HISTORICAL ENCYCLOPEDIA OF ILLINOIS
& HISTORY OF MORGAN COUNTY
Munsell Publishing Company, Publishers, 1906.




BLACK, SAMUEL WEBSTER, retired farmer, Jacksonville, Ill., was born on a farm about six miles northeast of that city, on June 27, 1837, and is the seventh child of Samuel and Mildred (Gaines) Black. (A record of his father's life will be found elsewhere in this volume.) He was reared on the farm and educated in the common schools of the county. Remaining on the homestead, he assisted his father in the management of his property until 1860, when he rented a tract of land in the neighborhood and began independent operations. For five or six years he cultivated leased land, the proceeds from which enabled him to purchase 66 acres located in the same vicinity. This he sold a few months later at a large profit, and for four years thereafter operated rented land. At the expiration of this time he purchased 100 acres, and since that time has accumulated valuable property aggregating over 700 acres of fertile and productive land, the returns form which have brought him a fortune. His active life has been devoted exclusively to agriculture and stock-raising, but since 180 he has resided in Jacksonville.

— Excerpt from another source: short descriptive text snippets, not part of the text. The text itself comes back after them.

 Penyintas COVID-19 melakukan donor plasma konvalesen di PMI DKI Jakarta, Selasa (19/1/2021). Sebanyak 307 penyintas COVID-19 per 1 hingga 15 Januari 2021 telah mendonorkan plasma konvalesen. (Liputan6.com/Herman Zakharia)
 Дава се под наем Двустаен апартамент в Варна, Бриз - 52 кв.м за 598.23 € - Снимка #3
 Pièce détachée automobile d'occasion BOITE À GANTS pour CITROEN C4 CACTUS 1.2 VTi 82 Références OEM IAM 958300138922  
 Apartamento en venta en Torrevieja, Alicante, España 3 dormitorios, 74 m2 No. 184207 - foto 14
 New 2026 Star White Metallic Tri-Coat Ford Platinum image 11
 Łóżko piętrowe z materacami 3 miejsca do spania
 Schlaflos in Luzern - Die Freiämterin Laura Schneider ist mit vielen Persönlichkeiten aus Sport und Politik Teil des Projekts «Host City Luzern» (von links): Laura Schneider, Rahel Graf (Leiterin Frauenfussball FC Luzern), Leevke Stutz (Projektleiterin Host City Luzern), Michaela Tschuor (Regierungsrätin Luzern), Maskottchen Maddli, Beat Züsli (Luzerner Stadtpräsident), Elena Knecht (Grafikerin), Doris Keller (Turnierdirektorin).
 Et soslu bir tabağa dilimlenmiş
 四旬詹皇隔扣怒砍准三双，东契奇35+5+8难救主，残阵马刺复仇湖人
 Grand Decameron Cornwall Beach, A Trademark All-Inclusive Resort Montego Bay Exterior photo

Like his father, Mr. Black has been intimately identified with the Methodist Episcopal Church, and has taken an active interest in the promotion of its welfare. Soon after his marriage he united with Shiloh Church, in which he held office during the years of his residence on the farm. For seventeen years consecutively he served as Collector, and for most of that period was the sole person to fill that office. When he removed to his farm nearer Jacksonville he united with Ebenezer M. E. Church, and since locating in the city has identified himself with the Centenary M. E. Church, in which he has served both as Trustee and steward, at the present time occupying the former office. He has been deeply interested in the cause of education, and for many years served as School Director. Though a stanch Republican he has never sought political office.

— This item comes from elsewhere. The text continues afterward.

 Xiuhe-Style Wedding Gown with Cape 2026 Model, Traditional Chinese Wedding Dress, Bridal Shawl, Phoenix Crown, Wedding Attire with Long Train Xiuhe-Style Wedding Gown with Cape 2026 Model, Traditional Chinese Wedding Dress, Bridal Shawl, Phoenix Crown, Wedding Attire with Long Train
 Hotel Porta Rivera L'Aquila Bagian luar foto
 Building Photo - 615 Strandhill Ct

On December 2, 1860, Mr. Black was united in marriage with Mary J. Self, a native of Morgan County, and a daughter of John Self, an early inhabitant of the county. She died in 1888, the mother of four children, as follows: William Edward, who operates the farm formerly owned by his grandfather; James Alpha, who died in infancy; Charles S., who resides on his father's farm; and Effie, wife of Dr. George E. Baxter, of Jacksonville. On August 24, 1890, Mr. Black married Addie Angel, a native of Morgan County, and a daughter of John Angel, who came from Virginia and settled in the county at an early day. They have a daughter, Irene.